A further disadvantage of the apparatus taught by U.S. Patent Application 2010/0288496 is that each of the balls are loaded through the axial bore of the injector by rotating the ball cartridge into a receiving position and then aligning each ball cartridge with the axial bore so as to be able receive a ball from above as it is dropped through the axial bore. This results in a time consuming an awkward loading procedure wherein balls are loaded serially, one after another, with each ball cartridge then being stroked between misaligned, aligned and then misaligned position. In an alternate loading procedure, this application suggest to pre-load the apparatus by removing the ball cartridges from each housing, seating the balls into each ball cartridge, and then reinstalling the loaded ball cartridges on each radial housing. This alternate loading procedure is also time consuming and awkward.
Additionally, in the primary suggested loading procedure, the balls will need to be carefully aligned along the axial bore and above its particular ball cartridge before being dropped, so as to avoid missing the ball cartridge and then having the ball continue on downward the axial bore. If a dropped ball does miss the intended ball cartridge and continues downward the axial bore then, in a best case scenario such as during pre-loading, the ball exits at the bottom end of the injector to be simply retrieved and loading can then be attempted again. However, if a dropped ball misses the intended ball cartridge when the injector is mounted to the wellhead structure or above a gate valve, then the injector will have to be disconnected from the wellhead or gate valve so as to then retrieve the ball. In a worst case scenario, a ball that is dropped in the axial bore and which misses the ball cartridge could prematurely be launched down the wellbore and premature activate one or more downhole tools (such as packers), resulting a ruined fracturing operation. As such the application even teaches use of a calibrated tubular or sleeve to assist with the loading of the balls through the axial bore. This additional piece of equipment adds further complication to the apparatus and loading procedure.
Another disadvantage of these prior art devices is that they all require that the plurality of balls are all subject to the pressurized environment of the wellbore, while they are waiting to be released into the wellbore.

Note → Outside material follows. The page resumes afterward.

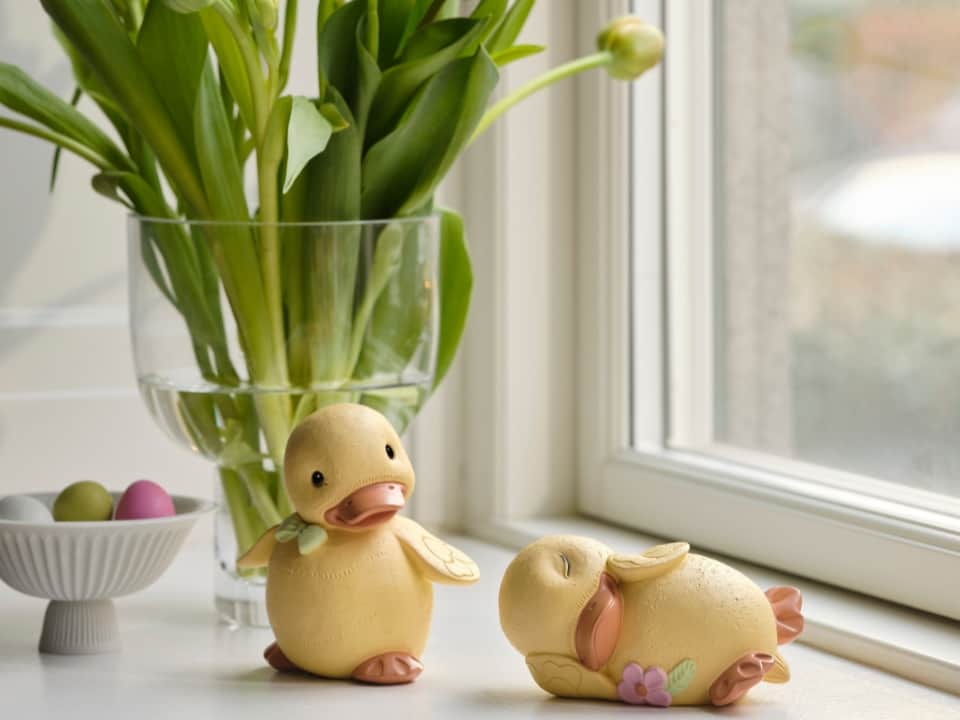 Påskegaver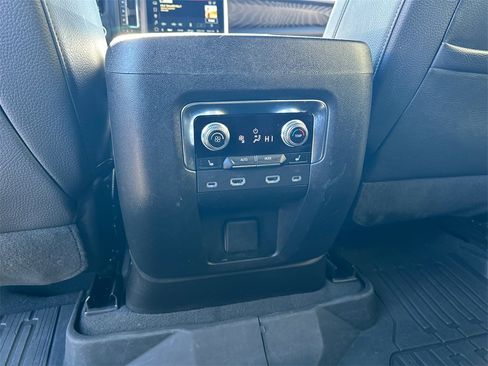 Used 2023 GMC Yukon XL Denali w/ Denali Reserve Package image 24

One disadvantage of having all of the ball subject to wellbore pressure is that additional sealing components and engineering specifications (e.g. to meet typical 10,000 psi pressure rating) are required for these devices, making such ball injecting apparatus more complex and more expensive than would otherwise be the case. Furthermore, such prior art ball injecting apparatus has a potential for many different pressure leak points; thereby creating a potential safety hazard. Another disadvantage of having all the preloaded balls subject to wellbore pressure is that the entire ball injecting apparatus will need to be depressurized in order to reload and/or change ball sizes.
As such, there remains a need for a safe, simple and efficient apparatus and mechanism for loading balls therein and for subsequent introducing such balls into a wellbore.